Retail powerhouse Walmart had impressive second-quarter earnings which beat expectations and surged due to grocery and school-related sales.
Walmart (NYSE: WMT) released second-quarter earnings for this year, which surpassed expectations, owing chiefly to strong grocery sales and a solid start in back-to-school sales. The retail giant said its stores received an influx of related customers. Most of these customers were looking to buy items like apparel, luggage, and party supplies. According to company CFO, Brett Biggs, many of these eager spenders went several months without these items especially during the peak of the pandemic. However, they now look set to “(come) out of hibernation” as life gradually returns to normal. Biggs added that families are also purchasing items typically associated with schools and classrooms such as backpacks and lunchboxes.
Such strong numbers were reflected in the company’s second-quarter earnings which surpassed Wall Street’s expectations. Consequently, Walmart increased its forecast for the year and projected earnings per share between $6.20 and $6.35. In addition, it anticipates that same-store sales in Walmart US will increase from 5% to 6%, excluding fuel.
Despite these impressive showings for Q2, Walmart’s shares are currently down 1% in premarket trading.

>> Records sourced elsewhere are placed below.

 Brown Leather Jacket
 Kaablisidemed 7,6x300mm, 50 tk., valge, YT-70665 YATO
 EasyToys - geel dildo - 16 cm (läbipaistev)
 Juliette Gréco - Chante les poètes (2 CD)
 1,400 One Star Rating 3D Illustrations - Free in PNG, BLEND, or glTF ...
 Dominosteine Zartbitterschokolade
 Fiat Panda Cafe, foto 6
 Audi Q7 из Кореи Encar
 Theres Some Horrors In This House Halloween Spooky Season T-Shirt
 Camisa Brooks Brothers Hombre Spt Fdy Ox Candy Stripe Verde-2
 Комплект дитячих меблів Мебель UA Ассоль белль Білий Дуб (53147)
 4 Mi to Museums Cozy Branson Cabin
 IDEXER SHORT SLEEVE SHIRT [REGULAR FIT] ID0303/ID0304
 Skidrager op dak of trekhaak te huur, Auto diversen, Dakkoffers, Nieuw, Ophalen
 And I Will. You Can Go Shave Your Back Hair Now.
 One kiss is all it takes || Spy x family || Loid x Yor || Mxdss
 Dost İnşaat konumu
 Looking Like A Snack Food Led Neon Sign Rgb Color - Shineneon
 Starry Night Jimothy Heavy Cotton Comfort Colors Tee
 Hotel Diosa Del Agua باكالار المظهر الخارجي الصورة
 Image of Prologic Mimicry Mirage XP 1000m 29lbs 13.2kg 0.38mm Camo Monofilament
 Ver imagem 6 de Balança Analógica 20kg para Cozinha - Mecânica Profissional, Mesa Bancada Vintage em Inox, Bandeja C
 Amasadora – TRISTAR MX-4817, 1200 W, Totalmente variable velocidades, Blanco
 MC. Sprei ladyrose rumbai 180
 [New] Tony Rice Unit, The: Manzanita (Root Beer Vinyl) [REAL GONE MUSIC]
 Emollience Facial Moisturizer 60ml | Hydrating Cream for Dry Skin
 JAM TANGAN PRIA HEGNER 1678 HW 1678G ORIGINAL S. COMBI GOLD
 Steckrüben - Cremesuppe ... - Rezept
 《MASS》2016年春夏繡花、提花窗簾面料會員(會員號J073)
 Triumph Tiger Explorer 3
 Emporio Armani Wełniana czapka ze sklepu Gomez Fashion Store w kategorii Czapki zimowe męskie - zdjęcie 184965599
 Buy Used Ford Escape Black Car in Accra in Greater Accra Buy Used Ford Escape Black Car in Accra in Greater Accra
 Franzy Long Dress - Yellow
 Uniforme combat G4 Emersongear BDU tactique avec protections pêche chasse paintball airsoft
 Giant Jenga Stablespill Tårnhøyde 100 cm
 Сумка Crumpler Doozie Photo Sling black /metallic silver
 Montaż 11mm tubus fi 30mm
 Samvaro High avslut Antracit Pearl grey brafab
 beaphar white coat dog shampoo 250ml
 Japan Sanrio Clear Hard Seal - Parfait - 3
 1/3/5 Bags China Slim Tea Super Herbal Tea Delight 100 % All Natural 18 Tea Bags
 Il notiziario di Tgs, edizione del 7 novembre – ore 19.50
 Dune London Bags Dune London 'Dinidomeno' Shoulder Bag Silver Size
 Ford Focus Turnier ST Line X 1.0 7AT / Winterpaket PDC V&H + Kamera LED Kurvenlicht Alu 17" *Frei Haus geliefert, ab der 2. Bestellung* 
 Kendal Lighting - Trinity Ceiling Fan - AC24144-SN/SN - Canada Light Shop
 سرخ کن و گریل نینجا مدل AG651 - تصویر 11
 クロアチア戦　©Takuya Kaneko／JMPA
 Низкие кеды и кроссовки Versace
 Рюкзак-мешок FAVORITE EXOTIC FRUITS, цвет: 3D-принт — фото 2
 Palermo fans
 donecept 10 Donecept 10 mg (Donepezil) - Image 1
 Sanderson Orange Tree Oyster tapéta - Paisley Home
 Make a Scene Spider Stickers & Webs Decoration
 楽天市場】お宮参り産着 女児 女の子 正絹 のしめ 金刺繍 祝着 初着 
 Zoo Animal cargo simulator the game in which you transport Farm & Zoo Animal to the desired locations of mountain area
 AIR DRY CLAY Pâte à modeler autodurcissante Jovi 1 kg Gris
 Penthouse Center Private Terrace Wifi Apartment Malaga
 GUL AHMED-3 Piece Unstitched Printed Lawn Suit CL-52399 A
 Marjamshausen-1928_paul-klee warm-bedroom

The retail giant earned $1.78 per share for the second quarter, which is 21 cents a share above estimates of $1.57. In addition, its revenue also came in above the consensus at $141.05 billion vs. $137.17 billion expected. Furthermore, comparable-store sales grew by a better-than-expected 5.2%.
Walmart Second Quarter Earnings Reveal Unchanged Customer Patterns
According to Biggs, the recent rise in Covid cases due to the delta variant did not change customers’ shopping patterns. However, the CFO added that the retail corporation is closely monitoring the situation.
Walmart CEO, Doug McMillon also commented on the recent upsurge in the sale of some items. In a news release, he remarked that Walmart took more market share in groceries, one of its core businesses. McMillon also stated that the retail giant made progress in new areas, one of which was increasing the number of online sellers on its third-party marketplace. In addition, the company nearly doubled advertising sales in Walmart US for the second quarter compared with the same period last year.
In 2020, Walmart saw a notable disruption in customer shopping, with limited store operational hours and customer concern for Covid. Most customers even had to rely on stimulus checks for shopping. In addition, the corporation reportedly lost some of its market shares to smaller, more conveniently placed grocery stores. Finally, many of Walmart’s brick-and-mortar-stores saw customers shift toward e-commerce and online stores.
However, the company claims to be regaining its market share as customers are returning to their old shopping patterns. Walmart US transactions grew by 6.1% in contrast to the average ticket which fell 1%.
A year earlier, the retail giant said its net income fell from $6.48 billion ($2.27 per share) to $4.28 billion (1.52 per share).